As Robert Peel wrote in 1844, looking back on the Bank Recharter Act, the mere fact that the Act had made lender-of-last-resort operations illegal did not mean that they should not or would not be undertaken:
My confidence is unshaken that we have taken all the Precautions which legislation can prudently take up against the Recurrence of a pecuniary Crisis. It my occur in spite of our Precautions, and if it does, and if it be necessary to assume a grave responsibility for the purpose of meeting it, I dare say men will be found willing to assume such a responsibility. I would rather trust to this than impair the efficiency and probable success of those measures by which one hopes to control evil tendencies in their beginning, and to diminish the risk that extraordinary measures may be necessary...
Peel saw a choice: either (i) give the Bank of England explicit powers (and so run the risk that financiers, expecting that those powers would be used, would exploit moral hazard and so produce irrational exuberance, extravagant overleverage, and repeated frequent financial crises), or (ii) forbid the Bank of England from acting and rely on financial statesmen in the future to take actions ultra vires under the principle that in the end salus populi suprema lex. Peel chose (ii). To him and his peers, the risks that granting explicit powers would enable moral hazard appeared greater than the risks that when a crisis should come the makers of monetary policy would not understand that their proper role was to create enough “outside money” to satisfy the panic demand for safe, liquid assets and so eliminate the gap between planned economy-wide spending and expected income that would otherwise generate a deep economic downturn.
And, indeed, Peel’s expectations of how his successors would act in a crisis were rational. Men were indeed found willing to assume a grave responsibility and go ultra vires and undertake actions that they had no legal power to perform—indeed, actions that they were expressly forbidden by the terms of the Bank of England’s new charter from undertaking. The Governors of the Bank of England, however, would not expand their balance sheet beyond its legal limit purely on their own initiative, however. They required first a blessing from the government of the day.
The blessing took the form of a “suspension letter” written by the Chancellor of the Exchequer—the British Treasury Secretary. First in 1847 and then in 1857 and then in 1866, the Chancellor would write a letter to the Governor of the Bank of England stating that he was suspending for the duration of the financial crisis those provisions of the 1844 Bank Recharter Act of 1844 that restricted the Bank of England’s ability to expand its balance sheet. Nothing in the black-letter law or in previous custom gave the Chancellor any such power to at his will suspend provisions of a corporation charter and grant the corporation extra privileges and powers above those Parliament had granted it. Successive Chancellors did so anyway. They judged it, as Peel had foretold: “necessary to assume a grave responsibility for the purpose of meeting” the crisis. They did so. And few people complained.
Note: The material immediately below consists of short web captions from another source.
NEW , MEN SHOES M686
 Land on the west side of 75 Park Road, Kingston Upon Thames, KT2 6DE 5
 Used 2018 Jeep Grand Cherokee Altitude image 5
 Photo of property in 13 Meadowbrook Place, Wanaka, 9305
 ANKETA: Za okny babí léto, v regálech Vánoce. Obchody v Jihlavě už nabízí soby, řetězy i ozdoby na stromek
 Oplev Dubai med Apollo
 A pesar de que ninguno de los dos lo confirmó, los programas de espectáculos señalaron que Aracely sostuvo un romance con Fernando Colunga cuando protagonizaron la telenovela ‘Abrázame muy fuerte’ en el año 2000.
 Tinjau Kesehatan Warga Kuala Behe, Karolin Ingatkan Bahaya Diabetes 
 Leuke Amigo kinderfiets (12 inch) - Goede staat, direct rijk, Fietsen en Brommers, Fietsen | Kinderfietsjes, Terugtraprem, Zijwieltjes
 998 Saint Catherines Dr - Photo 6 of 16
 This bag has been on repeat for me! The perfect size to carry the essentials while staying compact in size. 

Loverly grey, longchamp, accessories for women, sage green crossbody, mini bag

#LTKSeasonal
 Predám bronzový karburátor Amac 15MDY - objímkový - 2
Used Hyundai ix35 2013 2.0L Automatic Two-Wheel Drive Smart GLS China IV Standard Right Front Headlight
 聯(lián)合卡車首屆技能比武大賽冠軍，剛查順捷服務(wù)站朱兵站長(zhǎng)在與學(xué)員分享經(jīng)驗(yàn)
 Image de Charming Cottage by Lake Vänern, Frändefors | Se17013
One who did complain was the irate Karl Marx. He asked whether:
it [will] be believed that the Committee has contrived to simultaneously vindicate the perpetuity of the law and the periodical recurrence of its infraction? Laws have usually been designed to circumscribe the discretionary power of Government. Here, on the contrary, the law seems only continued in order to continue to the Executive the discretionary power of overruling it. The Government letter, authorizing the Bank of England to meet the demands for discount and advances upon approved securities beyond the limits of the circulation prescribed by the Act of 1844, was issued on Nov. 12...
The reason that few people complained was that the system seemed to work less badly than other systems that could be envisioned. The system was inconsistent—and that annoyed Marx. But the Act’s originator’s blessing of ultra vires lender-of-last-resort powers coupled with the Act’s text’s forbidding of them accomplished Charles Kindleberger’s “neat trick... sleight of hand... trick with mirrors...” and made it possible for the “lender of last resort... [to] exist... but [for] his presence [ex ante] tp be doubted”; for the Bank of England to “come to the rescue in order to prevent needless deflation, but always leave it uncertain whether rescue will arrive in time or at all, so as to instill caution...”
And most frequently, in the third quarter of the nineteenth century at least, the taking on of risk onto the Bank of England’s books and the issuing of additional banknotes above the legal limit was not needed: simply the declaration that the Chancellor of the Exchequer had sent a suspension letter to the Governor of the Bank of England, or even was just planning to send a suspension letter, was enough to eliminate the high demand for additional safe, liquid savings vehicles all by itself.